The Cathedral Parish of Saint Paul the First Hermit, also known as the San Pablo Cathedral, is the see of the Bishop of the Roman Catholic Diocese of San Pablo located in San Pablo, Philippines. Its titular is St. Paul the First Hermit and its feast is celebrated every January 15.

History

16th to 18th centuries
Spanish captain Juan de Salcedo first arrived in the upland village of Sampaloc in 1571. The area's name was officially changed to San Pablo de los Montes in 1586, in honor of St. Paul the First Hermit. That same year, San Pablo became an independent parish, and the first church made of wood was constructed under the auspices of Augustinian Father Mateo Mendoza.

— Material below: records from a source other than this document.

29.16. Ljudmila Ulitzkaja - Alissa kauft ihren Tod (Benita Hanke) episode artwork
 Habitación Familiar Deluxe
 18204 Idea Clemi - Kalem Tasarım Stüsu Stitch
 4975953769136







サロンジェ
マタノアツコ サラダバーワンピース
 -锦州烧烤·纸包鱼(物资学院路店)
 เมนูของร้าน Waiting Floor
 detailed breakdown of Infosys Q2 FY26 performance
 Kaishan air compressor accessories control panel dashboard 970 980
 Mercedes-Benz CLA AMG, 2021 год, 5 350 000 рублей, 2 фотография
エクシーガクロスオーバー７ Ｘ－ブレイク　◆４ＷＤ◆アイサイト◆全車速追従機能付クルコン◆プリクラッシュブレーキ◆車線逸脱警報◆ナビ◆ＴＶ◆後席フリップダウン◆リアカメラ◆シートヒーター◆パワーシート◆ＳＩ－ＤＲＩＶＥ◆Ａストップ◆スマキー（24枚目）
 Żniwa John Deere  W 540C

From 1618 to 1629, a second church was constructed from stone by Father Hernando Cabrera. In 1680 Father Juan Labo laid the foundations for the current church. This building was started in 1714 and completed in 1721 by Father Francisco Juan de Elorreaga, OSA. The Franciscans later administered the parish of San Pablo (which was then part of the province of Batangas) on April 4, 1794 with Father Andres Cabrera, OFM as parish priest. Father Cabrera added the brick-stone wall and built a stone cemetery in 1796.

19th century
Renovations on the church building and the convent were conducted from 1839 to 1858 under the auspices of Father Peregrin Prosper. Fathers Eugenio Garcia, Francisco Vellon, and Santiago Bravo added the transept from 1871 to 1877, 1878 to 1884, and 1884 to 1888, respectively. In 1898 administration was transferred to the secular priests, with Father Francisco Alcantara as the first parish priest from the seculars.

20th century
The convent housed the Minor Seminary of St. Francis of Sales of the Congregation of the Mission (also known as Padre Paules) from 1912 to 1939. The convent was heavily damaged during the liberation of the Philippines in 1945. With the help of the parishioners, the church was rebuilt from 1948 to 1954 under the supervision of Fathers Juan Coronel and Nicomedes Rosal.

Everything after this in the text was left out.